Epitaphs On God’s Green Acre

By Larry Troxel



Having left many years ago my childhood haven, a little sawmill town nestled in Southern Oregon’s Cow Creek Valley, I sometimes travel the many miles back to visit Dad and Mom’s graves in the tiny cemetery as I did one recent bright and sunny spring Sunday morning.

 

On a gentle slope, the verdant meadow was surrounded by fir and pine with splashes of budding spring flowers.  Decorative trees with yellow, white and maroon blooms, planted generously throughout, hailed a new awakening of life.  A doe and two yearlings were pruning luscious vegetation in the far corner while playful gray squirrels were keeping a watchful eye.
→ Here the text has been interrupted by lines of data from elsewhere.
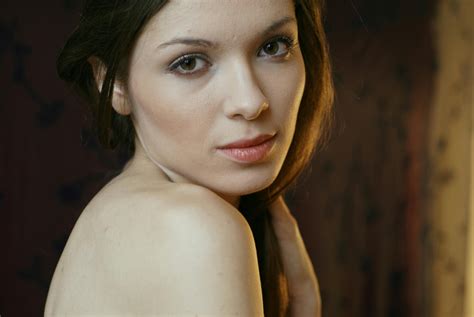 Laura prepon fakes topless. .  ...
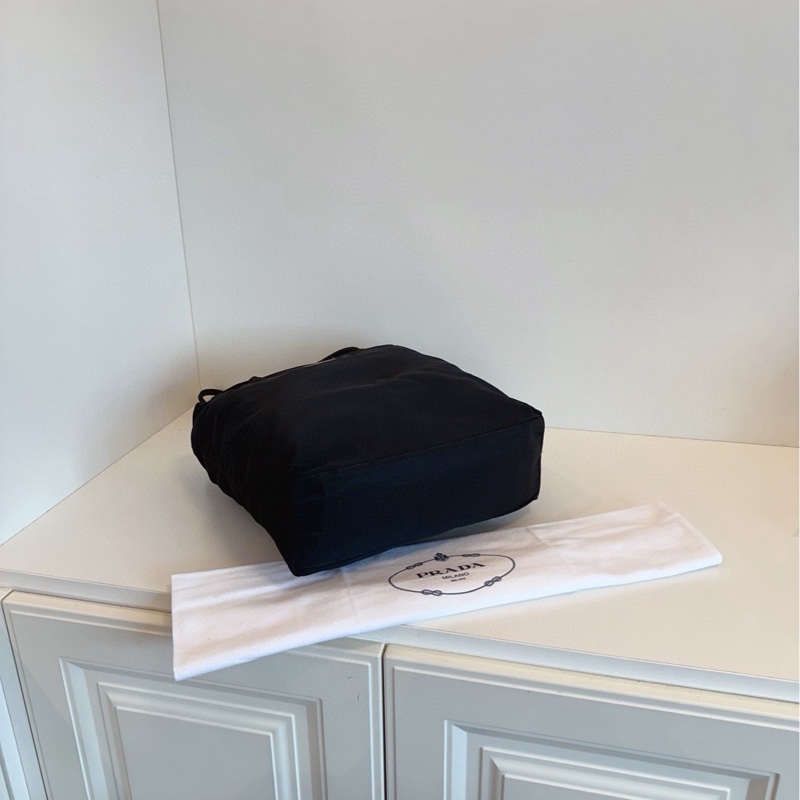 【98新🆕】Prada 普拉達 黑銀降落傘帆布單肩包tote-5
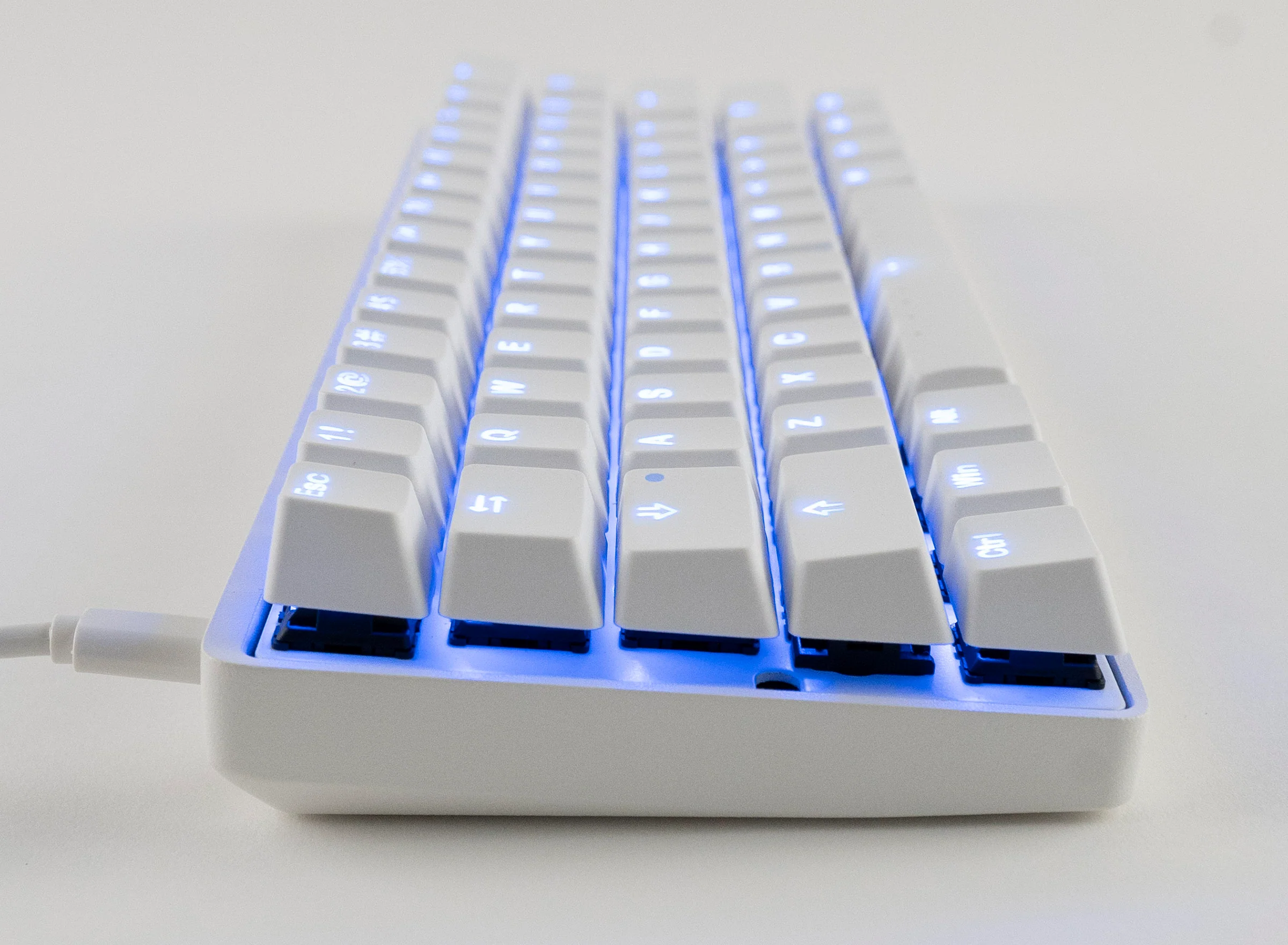 Vortex New POK3R White Aluminum 60% Blue LED Double Shot PBT Mechanical Keyboard - Image 4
Adding to the serenity was the songs of the wrens, finches, and their feathered cousins.  The only other sound came from the faint high pitch of a distant sawmill, but its unimposing familiarity made it just a part of the atmosphere of the valley.  The early sunbeams angled through the trees upon the rich greenery, making the early morning dewy leaves and grass glisten.  Recent visitors had left hundreds of colorful flowers, artificial as they were, upon many of the manicured graves.  Cut or planted flowers were always at the mercy of the diet of the resident deer, but plastic and fabric bouquets withstood time and weather, and critters.  The scene really was fitting for a cemetery post card picture, if there is such a thing.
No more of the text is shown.